**Problem statement**
What you should output is the data below, unchanged in every character.

**Dataset excerpts**
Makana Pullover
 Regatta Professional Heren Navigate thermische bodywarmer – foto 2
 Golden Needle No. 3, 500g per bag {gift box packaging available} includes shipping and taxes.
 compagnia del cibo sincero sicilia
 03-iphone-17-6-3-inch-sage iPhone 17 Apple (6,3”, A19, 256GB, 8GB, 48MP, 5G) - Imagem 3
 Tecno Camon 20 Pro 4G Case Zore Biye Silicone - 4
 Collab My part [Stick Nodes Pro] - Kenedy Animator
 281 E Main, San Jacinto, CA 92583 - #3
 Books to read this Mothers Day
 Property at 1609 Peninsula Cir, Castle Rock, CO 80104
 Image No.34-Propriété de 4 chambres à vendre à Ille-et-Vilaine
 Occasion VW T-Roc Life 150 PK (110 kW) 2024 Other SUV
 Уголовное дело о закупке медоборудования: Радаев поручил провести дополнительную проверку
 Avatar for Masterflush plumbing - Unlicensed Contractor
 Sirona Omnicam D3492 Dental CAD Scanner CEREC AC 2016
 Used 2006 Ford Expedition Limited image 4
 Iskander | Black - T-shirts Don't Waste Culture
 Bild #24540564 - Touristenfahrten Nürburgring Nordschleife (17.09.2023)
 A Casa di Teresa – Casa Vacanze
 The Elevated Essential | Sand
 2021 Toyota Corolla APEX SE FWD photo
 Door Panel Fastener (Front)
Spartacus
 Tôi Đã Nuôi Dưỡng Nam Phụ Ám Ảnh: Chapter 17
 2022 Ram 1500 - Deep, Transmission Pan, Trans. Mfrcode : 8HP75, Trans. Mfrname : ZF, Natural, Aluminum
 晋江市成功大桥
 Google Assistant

**Answer to this exercise**
Makana Pullover
 Regatta Professional Heren Navigate thermische bodywarmer – foto 2
 Golden Needle No. 3, 500g per bag {gift box packaging available} includes shipping and taxes.
 compagnia del cibo sincero sicilia
 03-iphone-17-6-3-inch-sage iPhone 17 Apple (6,3”, A19, 256GB, 8GB, 48MP, 5G) - Imagem 3
 Tecno Camon 20 Pro 4G Case Zore Biye Silicone - 4
 Collab My part [Stick Nodes Pro] - Kenedy Animator
 281 E Main, San Jacinto, CA 92583 - #3
 Books to read this Mothers Day
 Property at 1609 Peninsula Cir, Castle Rock, CO 80104
 Image No.34-Propriété de 4 chambres à vendre à Ille-et-Vilaine
 Occasion VW T-Roc Life 150 PK (110 kW) 2024 Other SUV
 Уголовное дело о закупке медоборудования: Радаев поручил провести дополнительную проверку
 Avatar for Masterflush plumbing - Unlicensed Contractor
 Sirona Omnicam D3492 Dental CAD Scanner CEREC AC 2016
 Used 2006 Ford Expedition Limited image 4
 Iskander | Black - T-shirts Don't Waste Culture
 Bild #24540564 - Touristenfahrten Nürburgring Nordschleife (17.09.2023)
 A Casa di Teresa – Casa Vacanze
 The Elevated Essential | Sand
 2021 Toyota Corolla APEX SE FWD photo
 Door Panel Fastener (Front)
Spartacus
 Tôi Đã Nuôi Dưỡng Nam Phụ Ám Ảnh: Chapter 17
 2022 Ram 1500 - Deep, Transmission Pan, Trans. Mfrcode : 8HP75, Trans. Mfrname : ZF, Natural, Aluminum
 晋江市成功大桥
 Google Assistant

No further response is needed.